Last Updated Sep 17, 2019 at 7:05 pm MST

Pipeline pipes are seen at a facility near Hope, B.C., Thursday, Aug. 22, 2019. The Federal Court of Appeal says it'll reveal Wednesday whether a new set of legal challenges of the Trans Mountain pipeline project can go ahead. THE CANADIAN PRESS/Jonathan Hayward

B.C.'s government has been ordered to reconsider its approval of the Trans Mountain Pipeline

The highest court in B.C. brought the ruling after challenges from the Squamish Nation and the City of Vancouver

The environmental certificate issued by B.C. in January 2017 is now invalid

VANCOUVER (NEWS 1130) — The province’s highest court is ordering B.C. to reconsider its approval of the Trans Mountain pipeline.

The B.C. Court of Appeal has ruled the province must re-issue the environmental certificate, because it was approved based on a report by the National Energy Board that has since been quashed by the courts.

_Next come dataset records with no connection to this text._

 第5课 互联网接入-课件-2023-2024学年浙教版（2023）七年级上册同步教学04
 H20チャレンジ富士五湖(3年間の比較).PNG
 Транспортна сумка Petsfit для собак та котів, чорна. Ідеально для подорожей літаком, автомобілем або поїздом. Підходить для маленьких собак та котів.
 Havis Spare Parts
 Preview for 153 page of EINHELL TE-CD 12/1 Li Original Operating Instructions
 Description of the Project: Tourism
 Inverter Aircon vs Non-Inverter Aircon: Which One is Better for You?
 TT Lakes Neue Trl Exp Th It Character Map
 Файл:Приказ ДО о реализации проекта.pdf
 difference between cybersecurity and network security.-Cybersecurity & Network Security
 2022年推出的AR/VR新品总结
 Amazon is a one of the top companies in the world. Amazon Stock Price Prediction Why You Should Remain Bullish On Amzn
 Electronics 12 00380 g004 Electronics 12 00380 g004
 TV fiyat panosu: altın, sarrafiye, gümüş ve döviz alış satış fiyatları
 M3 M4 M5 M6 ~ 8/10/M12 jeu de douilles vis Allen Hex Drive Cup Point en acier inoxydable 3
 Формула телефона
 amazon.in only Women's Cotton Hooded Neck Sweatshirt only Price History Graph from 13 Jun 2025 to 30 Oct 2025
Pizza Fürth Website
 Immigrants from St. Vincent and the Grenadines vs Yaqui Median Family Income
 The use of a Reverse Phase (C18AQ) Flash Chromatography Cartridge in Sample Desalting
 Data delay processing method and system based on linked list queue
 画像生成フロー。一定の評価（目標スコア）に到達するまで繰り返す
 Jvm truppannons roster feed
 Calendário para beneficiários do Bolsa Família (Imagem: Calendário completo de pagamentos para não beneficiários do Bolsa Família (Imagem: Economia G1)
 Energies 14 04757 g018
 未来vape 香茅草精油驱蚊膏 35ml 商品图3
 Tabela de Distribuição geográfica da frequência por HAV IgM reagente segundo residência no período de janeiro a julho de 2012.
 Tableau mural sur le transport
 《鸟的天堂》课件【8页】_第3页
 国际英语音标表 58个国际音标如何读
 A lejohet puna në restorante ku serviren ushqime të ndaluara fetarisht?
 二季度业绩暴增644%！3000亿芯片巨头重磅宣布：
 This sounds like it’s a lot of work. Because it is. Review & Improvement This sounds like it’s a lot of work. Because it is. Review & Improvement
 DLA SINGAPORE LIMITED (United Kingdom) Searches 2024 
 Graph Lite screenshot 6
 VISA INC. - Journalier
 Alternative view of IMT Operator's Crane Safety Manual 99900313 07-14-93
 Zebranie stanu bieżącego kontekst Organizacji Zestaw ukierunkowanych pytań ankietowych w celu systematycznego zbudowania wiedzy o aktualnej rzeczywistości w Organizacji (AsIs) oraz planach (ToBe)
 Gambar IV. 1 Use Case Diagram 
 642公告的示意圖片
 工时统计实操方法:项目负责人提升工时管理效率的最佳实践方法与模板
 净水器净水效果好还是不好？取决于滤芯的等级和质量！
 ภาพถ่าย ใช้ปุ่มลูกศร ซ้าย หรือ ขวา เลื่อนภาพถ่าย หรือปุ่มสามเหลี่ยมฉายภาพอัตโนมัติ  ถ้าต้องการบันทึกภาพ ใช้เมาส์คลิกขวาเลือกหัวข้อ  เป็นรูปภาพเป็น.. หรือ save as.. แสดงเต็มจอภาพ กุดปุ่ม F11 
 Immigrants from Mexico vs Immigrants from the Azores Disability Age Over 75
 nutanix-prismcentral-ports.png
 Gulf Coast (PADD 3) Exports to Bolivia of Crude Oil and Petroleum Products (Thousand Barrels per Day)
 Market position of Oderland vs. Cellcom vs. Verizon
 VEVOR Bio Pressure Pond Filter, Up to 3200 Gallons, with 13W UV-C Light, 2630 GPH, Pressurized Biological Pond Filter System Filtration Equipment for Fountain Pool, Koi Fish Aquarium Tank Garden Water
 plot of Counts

RELATED: Construction of Trans Mountain pipeline expansion still faces hurdles

The Squamish Nation and City of Vancouver brought legal challenges against the certificate.

Khelsilem with the Squamish Nation says they are prepared to weigh in on any new conditions the project imposes with a new certificate.

“We’ve been battling in court with the NDP government and the province on this through the court system, and I think this presents a new opportunity for the province to really step up, and we’re looking for some leadership,” he says.

The Appeal Court says in its decision released Tuesday, that in light of changes to the original report made by the energy board when the Trans Mountain pipeline expansion was reconsidered, the province needs to revisit its own approval of the project.

After the National Energy Board reviewed the project for a second time, the federal government approved the pipeline expansion again.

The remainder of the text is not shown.